17日のゼロワン・後楽園ホール大会で、世界ヘビー級王者・佐藤耕平(37)、UNヘビー級王者・鈴木秀樹(34)、今夏の「火祭り」覇者・崔領二(34)による完全決着方式の3WAYマッチが行われ、崔が現役チャンピオン2人を立て続けに撃破した。これで団体のトップに立ったはずだったが、試合後にはTARU(50)を呼び込み共闘を宣言。火祭り刀保持者が衝撃の悪党転向を果たした。

 この試合形式は2日の新木場大会のタッグマッチ(崔、TARU組対佐藤、鈴木組)で鈴木からフォールを奪った崔が提案したもの。現役チャンピオン2人が“丸腰”の男に負けたのだから、受け入れないわけにいかなかった。

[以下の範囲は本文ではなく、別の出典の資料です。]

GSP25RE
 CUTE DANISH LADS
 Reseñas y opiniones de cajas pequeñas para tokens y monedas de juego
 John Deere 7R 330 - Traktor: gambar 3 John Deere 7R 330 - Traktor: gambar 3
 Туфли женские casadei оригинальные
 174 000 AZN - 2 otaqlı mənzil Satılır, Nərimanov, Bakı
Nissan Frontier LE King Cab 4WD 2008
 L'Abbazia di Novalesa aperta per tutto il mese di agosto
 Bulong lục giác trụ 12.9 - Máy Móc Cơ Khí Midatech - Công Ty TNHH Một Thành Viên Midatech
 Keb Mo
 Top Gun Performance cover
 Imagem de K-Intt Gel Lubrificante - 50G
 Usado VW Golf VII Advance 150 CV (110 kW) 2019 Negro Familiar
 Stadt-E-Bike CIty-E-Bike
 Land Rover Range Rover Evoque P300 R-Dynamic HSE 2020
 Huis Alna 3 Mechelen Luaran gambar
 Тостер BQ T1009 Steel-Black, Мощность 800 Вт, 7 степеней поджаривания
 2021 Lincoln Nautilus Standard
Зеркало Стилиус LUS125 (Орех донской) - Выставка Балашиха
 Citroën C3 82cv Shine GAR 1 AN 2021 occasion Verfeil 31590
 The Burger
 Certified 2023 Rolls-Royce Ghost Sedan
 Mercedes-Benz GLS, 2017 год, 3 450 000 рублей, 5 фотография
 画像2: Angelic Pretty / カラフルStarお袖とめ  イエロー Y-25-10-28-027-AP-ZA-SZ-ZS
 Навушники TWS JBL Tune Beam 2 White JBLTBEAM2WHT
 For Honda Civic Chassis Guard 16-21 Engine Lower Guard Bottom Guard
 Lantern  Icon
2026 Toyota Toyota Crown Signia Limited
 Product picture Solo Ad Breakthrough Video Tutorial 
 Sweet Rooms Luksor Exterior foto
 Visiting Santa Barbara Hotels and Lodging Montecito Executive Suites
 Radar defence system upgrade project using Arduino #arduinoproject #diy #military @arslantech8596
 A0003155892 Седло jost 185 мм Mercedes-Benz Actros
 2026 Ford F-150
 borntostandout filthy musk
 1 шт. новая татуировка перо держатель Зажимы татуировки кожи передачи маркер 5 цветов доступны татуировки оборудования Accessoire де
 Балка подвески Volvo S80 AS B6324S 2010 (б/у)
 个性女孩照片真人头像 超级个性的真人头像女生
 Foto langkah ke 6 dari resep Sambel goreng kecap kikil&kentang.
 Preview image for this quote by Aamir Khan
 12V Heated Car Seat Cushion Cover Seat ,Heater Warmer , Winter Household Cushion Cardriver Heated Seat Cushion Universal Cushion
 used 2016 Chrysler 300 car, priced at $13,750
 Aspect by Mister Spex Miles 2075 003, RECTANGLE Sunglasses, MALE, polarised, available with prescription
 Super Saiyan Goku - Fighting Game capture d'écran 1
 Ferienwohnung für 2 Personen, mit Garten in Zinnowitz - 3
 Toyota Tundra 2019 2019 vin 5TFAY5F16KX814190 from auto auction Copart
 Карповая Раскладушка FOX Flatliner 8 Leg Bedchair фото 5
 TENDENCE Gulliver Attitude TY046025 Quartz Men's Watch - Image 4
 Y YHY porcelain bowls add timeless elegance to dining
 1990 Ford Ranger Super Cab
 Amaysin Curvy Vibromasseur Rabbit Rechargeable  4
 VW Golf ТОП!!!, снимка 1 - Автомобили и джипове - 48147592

 試合は序盤、崔が場外に排除されて、王者2人のシングルマッチの様相に。会場も火祭り優勝から不可解な言動を繰り返す崔に、「出て行け!」とばかりにブーイングを浴びせ続ける。だが、鈴木が必殺の人間風車を放ったところで、崔がカット。そのまま、佐藤にシドマスを決め、まんまと失格に追い込んだ。鈴木との一騎打ちでは裸絞めで失神寸前まで追い込まれたが、雪崩式ブレーンバスターで相手の動きを止めると、最後は「那智の滝」(ダイビングフットスタンプ)で3カウントを強奪した。

 会場の「帰れコール」を浴びながらマイクを取った崔は、TARUを呼び込み極悪軍団「ブードゥー・マーダーズ」との共闘を示唆。佐藤からシングルマッチを求められるも無視を決め込んだ。

 控室では「俺は自分で興行もやってるし、W―1にも出てる。これはヒール転向表明とはちゃう。この腐った会社を変えていく表明。この団体出されても食えていけんねん」とまくし立てると、佐藤の要求にも「絶対やらへん」と言い放ち会場を後に。TARUも「あいつは金になる男や」と不気味な笑みを浮かべた。

「火祭り」は故橋本真也さんが提唱した伝統のリーグ戦。その覇者が世界ベルト挑戦権を放棄し、ゼロワン批判を繰り広げるとは…。一体どこへ向かう気なのだろうか?